Nello storico quartiere Kinzica, sul lungarno Gambacorti, troviamo il solenne Palazzo Blu, restaurato di recente, che oltre ad interessanti mostre di arte moderna e contemporanea, ospita in una saletta un vero e proprio tesoro: il Polittico di Agnano.

E’ un’opera tardo gotica (tempera su legno), sicuramente un capolavoro, con una storia molto singolare.


Il dipinto era stato voluto dall’Arcivescovo di Pisa Giovanni Scarlatti poco dopo la metà del ‘300, che aveva fondato ad Agnano un monastero protetto dai SS Gerolamo e Benedetto, affidato ai monaci Olivetani.
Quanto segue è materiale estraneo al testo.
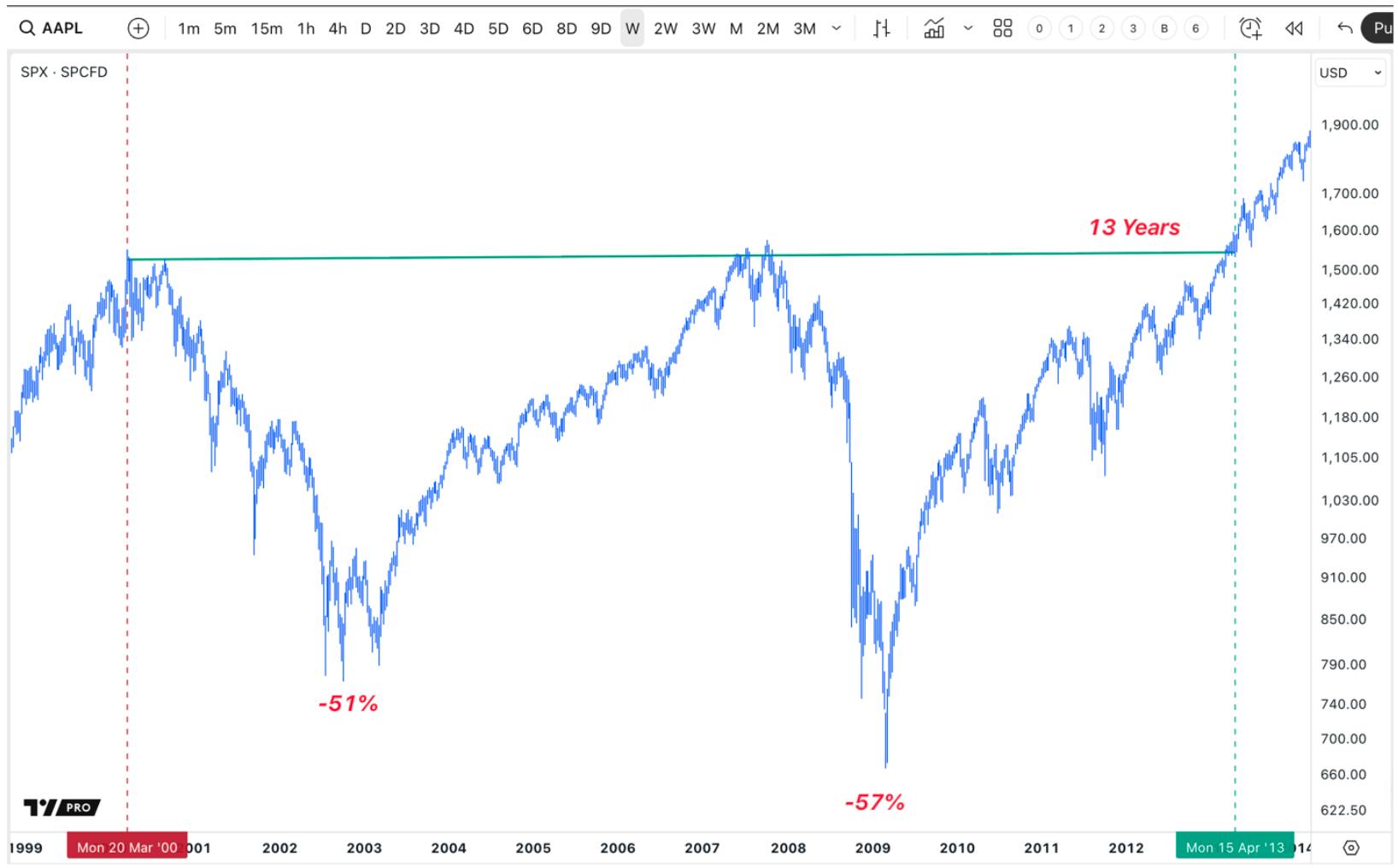 S&P 500 chart illustrating the post-Dotcom crash period, highlighting a 13-year secular bear market and consolidation phase from 2000 to 2013 following the 2000 market peak.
Morendo prima che l’opera fosse finita affidò l’intero patrimonio ai monaci di Agnano che si trovarono in possesso di questo polittico collocato sull’altare maggiore della chiesa di S. Gerolamo.


L’opera, magnifica nel suo fondo oro, composta da 5 tavole, rappresenta al centro la Madonna in trono col Bambino con sopra una cimasa che raffigura l’annunciazione dell’angelo e una cuspide con il Cristo Benedicente; ai lati le altre quattro tavole con santi e i quattro evangelisti nelle cuspidi. Particolarmente degna di nota la ricchezza di particolari, l’alto grado di saturazione dei colori, la minuziosità del lavoro di punzonatura sulla foglia d’oro, la ricca cornice.


Dopo oltre un secolo di tranquilla permanenza in S. Gerolamo in Agnano, alla fine del 400, per le difficoltà, tra cui la riduzione del loro numero, i monaci chiesero ed ottennero dal Pontefice Innocenzo VIII il trasferimento nel monastero di S.Pietro in Vinculis (San Pierino) a Pisa, e vendettero l’intero possesso di Agnano (chiesa e polittico compresi), rimanendo comunque gli officianti in S.Gerolamo come aveva voluto il Vescovo Scarlatti.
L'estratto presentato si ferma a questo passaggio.